Functional Automatic Differentiation with Dirac Impulses

Speaker: Henrik Nilsson, Yale University

When & Where:

12:30pm, Friday, April 11, 2003, Room 400 AKW

Abstract:

Functional Reactive Programming (FRP) is a framework for reactive programming in a functional setting. FRP has been applied to a number of domains, such as graphical animation, graphical user interfaces, robotics, and computer vision. Recently, we have been interested in applying FRP-like principles to hybrid modeling and simulation of physical systems. As a step in that direction, we have extended an existing FRP implementation, Yampa, in two new ways that makes it possible to express certain models in a very natural way, and reduces the amount of work needed to put modeling equations into a suitable form for simulation.

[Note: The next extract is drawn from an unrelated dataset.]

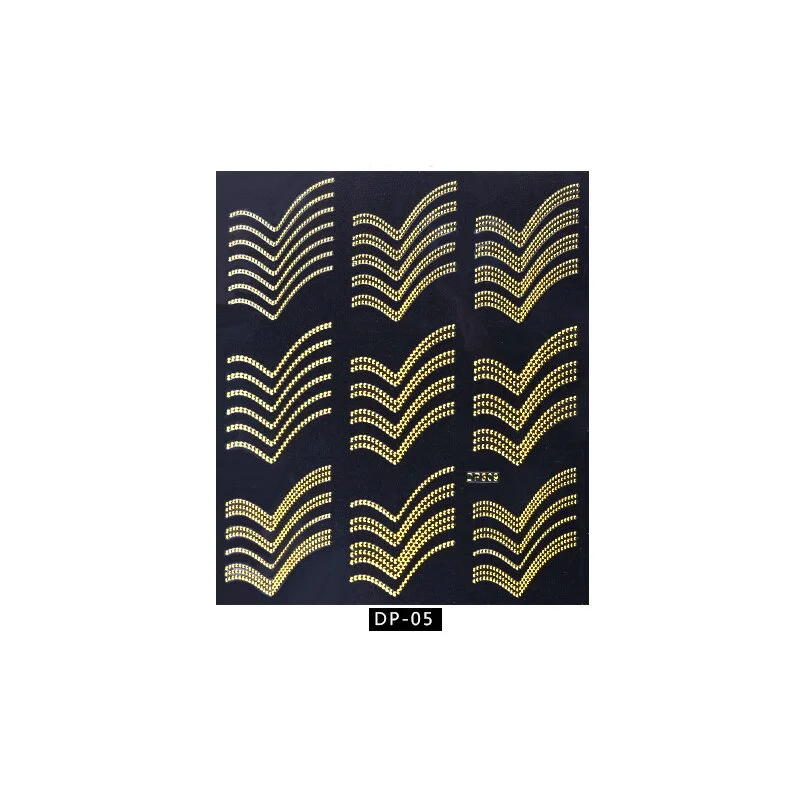 New Products In 2021 Adhesive 3D Metal Line Decals Nail Stickers for Nail Art Decoration DIY Designer Work Accessories 7.7x9cm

First, we have added a notion Dirac impulses that allows certain types of discontinuities to be handled in an easy yet rigorous manner. Second, we have adapted automatic differentiation to the setting of Yampa, and generalized it two work correctly with Dirac impulses. This allows derivatives of piecewise continuous signals to be well-defined at all points. This talk reviews the basic ideas behind automatic differentiation, in particular Jerzy Karczmarczuk's elegant version for a lazy functional language with overloading, and then considers the integration with Yampa and the addition of Dirac impulses.